A retail investor hedge fund is defined as a hedge fund in which any investor may invest because it meets the requirements set out by the FSB.
Some of the characteristics are tabulated below:
The buying of a security such as stock, commodity or currency, with the expectation that the asset will rise in value.
For example, an owner of shares in Stock Sasol is said to be “long Sasol” or “has a long position in stock Sasol”
Buy 10 Water shares @ R100 per share (with the expectation that the asset will rise in value).
Total investment = R100 x 10 = R1000
Share price rises to R135 per share
Portfolio Value = R135 x 10 = R1350
Profit (when selling) = R1350 – R1000 = R1350 = R350/R35 per share
The sale of a borrowed security, commodity or currency with the expectation that the asset will fall in value.
For example, if a manager borrows and sells Stock Sasol, it is said to be “short Sasol” or “has a short position in Stock Sasol”
Borrows 10 Sasol shares and sells on the open market @ R100 per share (with the expectation that the asset will fall in value).
Share price declines to R75 per share
Portfolio Value = R75 x 10 = R750
Profit (when buying back) = R1000 – R750 = R250 = R250/R25 per share
Funds aim to generate positive returns by being simultaneously long and short in the equity market. Market risk is reduced while company specific risk is retained. The majority of local equity long/short funds tend to be long biased.
An investing strategy of taking long positions in stocks that are expected to appreciate and short positions in stocks that are expected to decline. A long/short equity strategy seeks to minimize market exposure, while profiting from stock gains in the long positions and price declines in the short positions.
Equity Market Neutral:
Funds take similar sized long and short positions in related equity sectors with that effect that directional market risk is offset.
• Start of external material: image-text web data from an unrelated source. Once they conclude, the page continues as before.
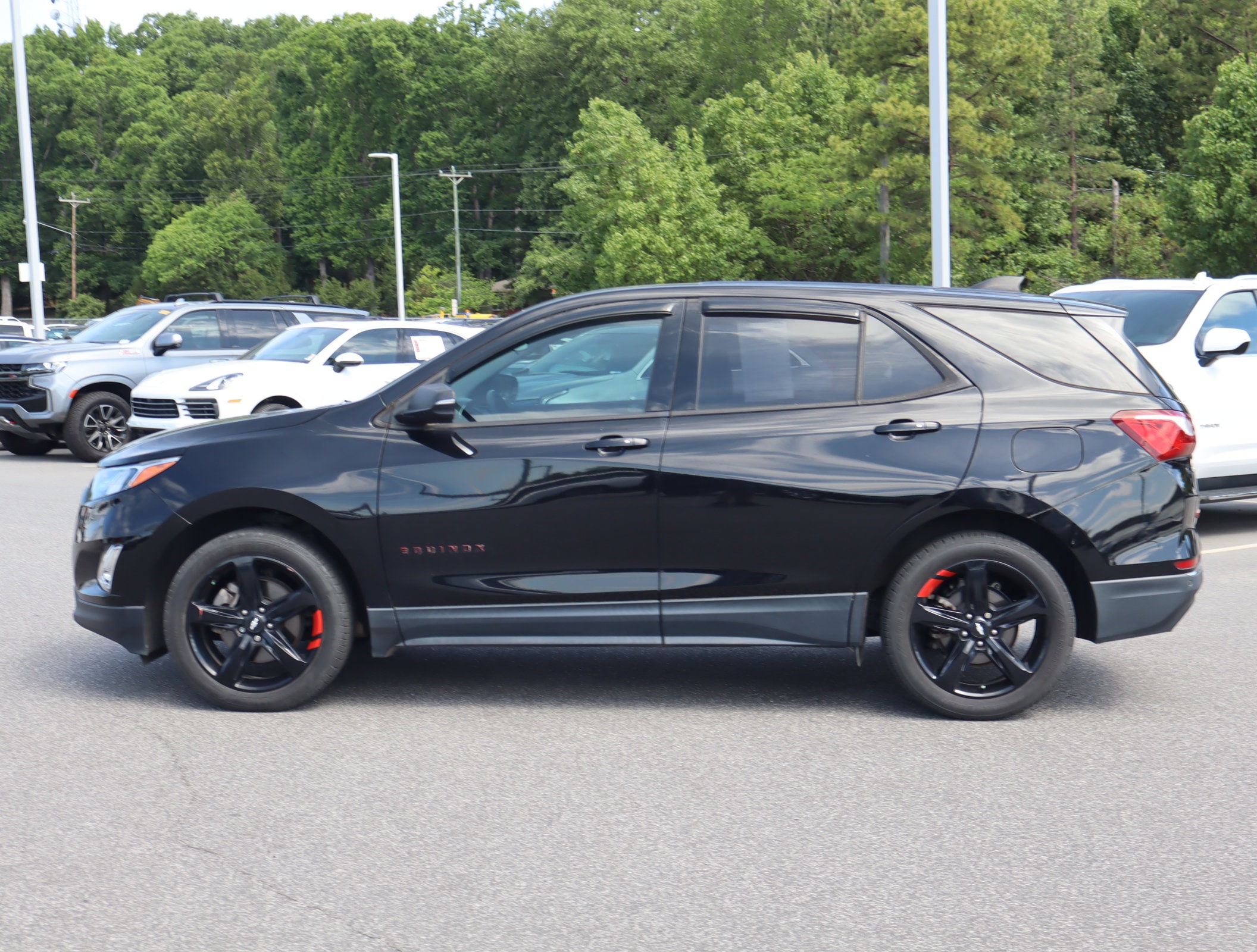 2019 Chevrolet Equinox LT photo 4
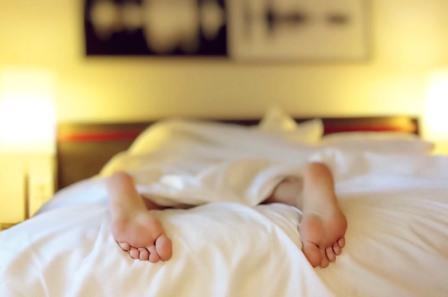 Le temps de sommeil, la dette de sommeil, la restriction de sommeil et l’insomnie chronique des 18-75 ans : résultats du Baromètre de Santé publique France 2017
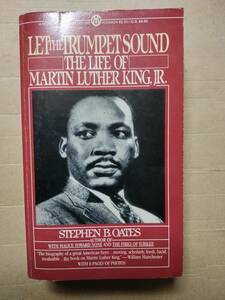 洋書　Let the Trumpet Sound: The Life of Martin Luther King, Jr.
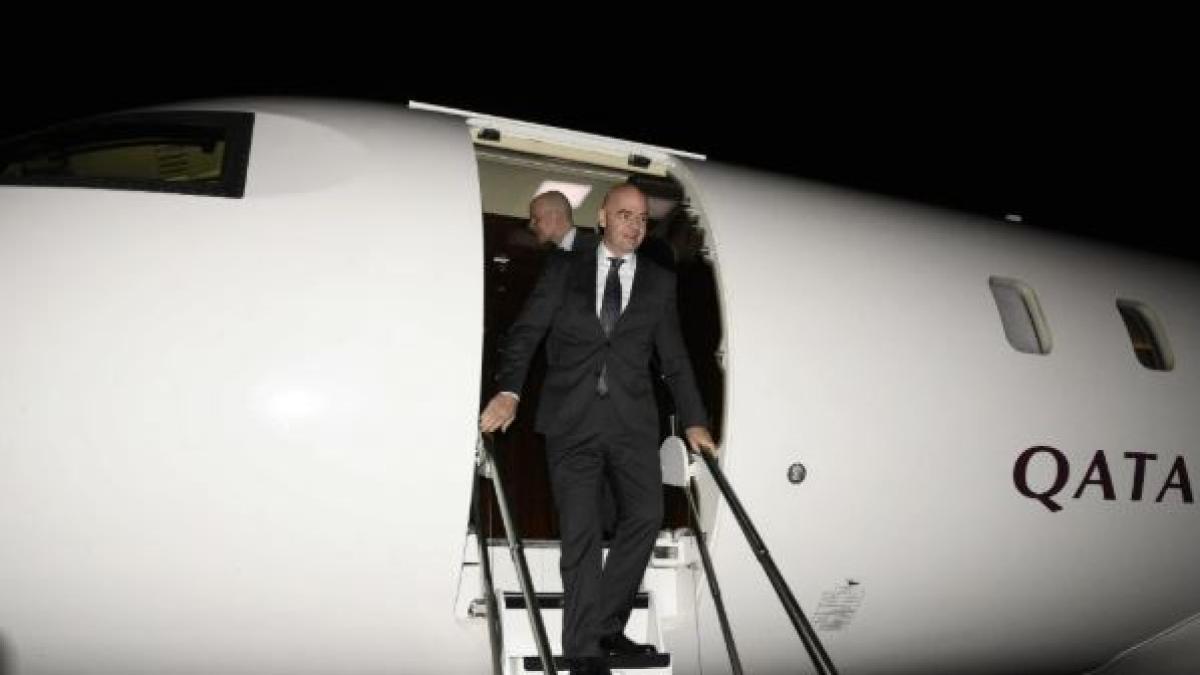 infantino la coppa dell inquinamento il suo aereo ha avvelenato l ambiente come 157 persone in un anno da Gazzetta.it infantino la coppa dell inquinamento il suo aereo ha avvelenato l ambiente come 157 persone in un anno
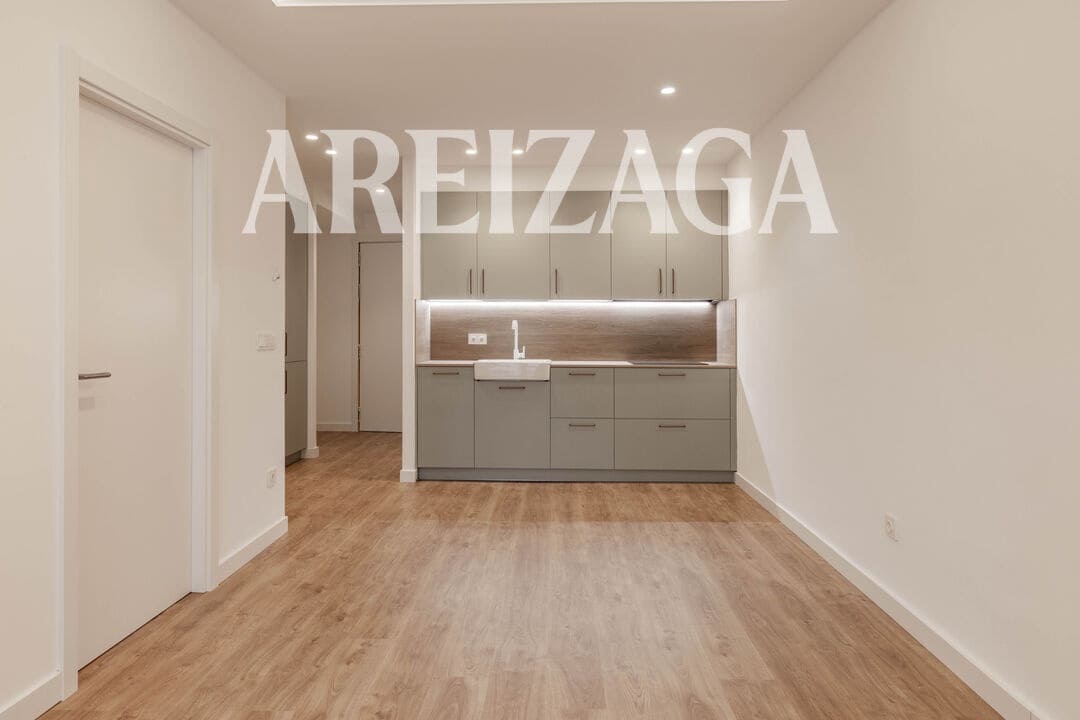 Piso de 1 habitación en Donostia-San Sebastián en venta - 550.000 € (Ref: 9914945)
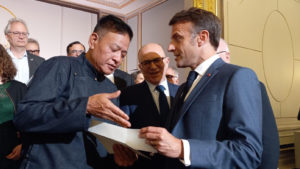Penpa Cering és Emmanuel Macron találkozója Párizsban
A strategy undertaken by a manager that seeks to profit from both increasing and decreasing prices. Market-neutral strategies are often attained by taking matching long and short positions in different stocks to benefit from mispricing and delivering positive returns from both the long and the short stock selections and reducing risk from movements in the broad market.
Fixed Income Arbitrage:
An investment strategy that attempts to profit from arbitrage opportunities in interest rate securities. When using a fixed-income arbitrage strategy, the investor assumes opposing positions in the market to take advantage of small price discrepancies while limiting interest rate risk.
This general strategy type includes basis (e.g. cash, futures), yield-curve and credit spread trading, as well as volatility arbitrage.
Quantitative models are used to identify market opportunities and establish short-term positions involving a large number of securities.
Funds aim to exploit mispricing is the result of different volatility assumptions by price makers.
Funds that predominantly invest in soft or hard commodities. These funds can follow a number of different strategies to obtain alpha from this asset class, including trend following or non-directional market neutral strategies.
4. WHAT TO EXPECT FROM MY INVESTMENT
It’s your investment – you decide how much, when and how you want to invest. You can add lump sums to your investment at any time. You can set up a debit order (minimum R500) at any time, which you can change, pause or cancel as your needs change. You own the units you have bought and your investment continues to earn return until you decide to sell your units.
We will send you a statement monthly showing how many units you have in your account, and what the rand value is. Alternatively, you can call Salvo at any time to get info about your investment.